The requirement is real but as Josh says, the task is challenging. IIRC there are two main challenges: automation and namespacing. Right now most of the scanners have some set of regular expressions, templates, or some such they use to identify given text as a particular license. For arbitrary text, that's hard to do. For some of the scenarios you can rely on just having a discoverable identifier (no need for matching), for others, not so much and automation is essential.
Namespace management is just hard. Some have proposed using internet domains (ala Java package naming) but many licenses are, or evolve to be, not "owned" by a particular organization.
In the past a few folks have
discussed using the SPDX "LicenseRef-" syntax and some auto generated hashing of unrecognized license text.
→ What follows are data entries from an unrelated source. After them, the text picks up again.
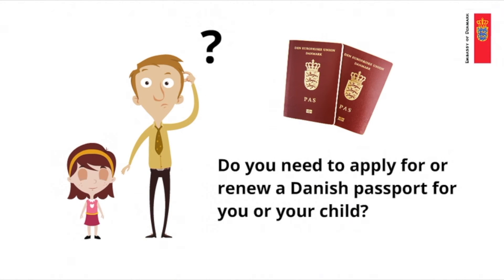Welcome to the Danish Embassy in London. In this video we'll guide you through the steps of applying for a new passport for you or your child, or renewing your existing passport.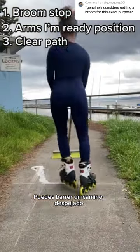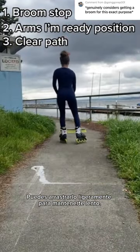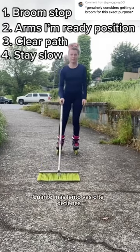You can sweep a clear path. You can lightly drag it to stay slow. And remember, the harder you press, the slower you go or stop.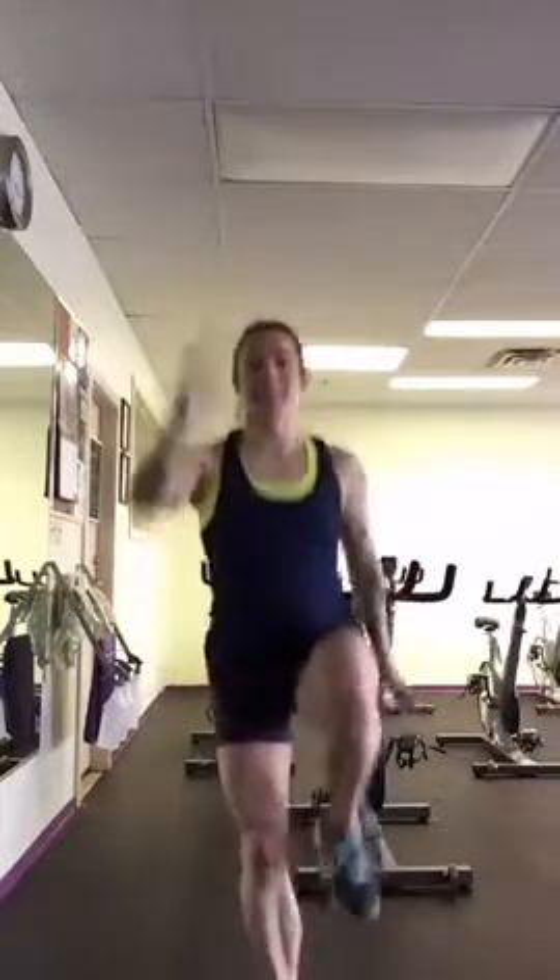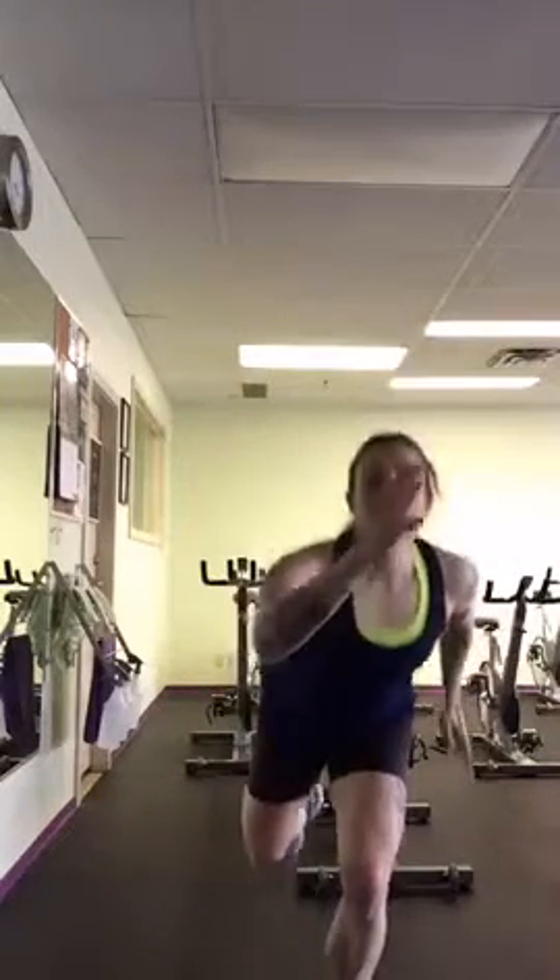You're going to do 30 seconds on one side, switch over, do 30 seconds on the other side. If you don't want to do the jump, you could just take your leg back and then drive the knee up. That way you're working your balance and you'll get a little bit of cardio. Again, 30 seconds on one side, 30 seconds on the other side.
That combined with an alias registry gets you the ability to have automated detection and a human-readable, manageable namespace.
The idea is that unrecognized license text is hashed and then referenced as "LicenseRef-XYZABC123" (or some such). Off the bat all such licensed packages are correlated and so can be "cleared" by legal teams together and collaboratively. Over time curators may come to see that hash as the "FooBar" license and then register an alias for the hash. Then "LicenseRef-XYZABC123" and "LicenseRef-FooBar" are then interchangeable (with the latter being more user-friendly"). Variants of FooBar with different hashes can also be aliased to FooBar. It is even possible that FooBar ends up being a recognized SPDX license. If it retains that name, all's good, if it gets a new name, register and alias for that too.
On the practical user side, sticking with SPDX valid syntax allows for the continued use of SPDX tooling and integrations.
Jeff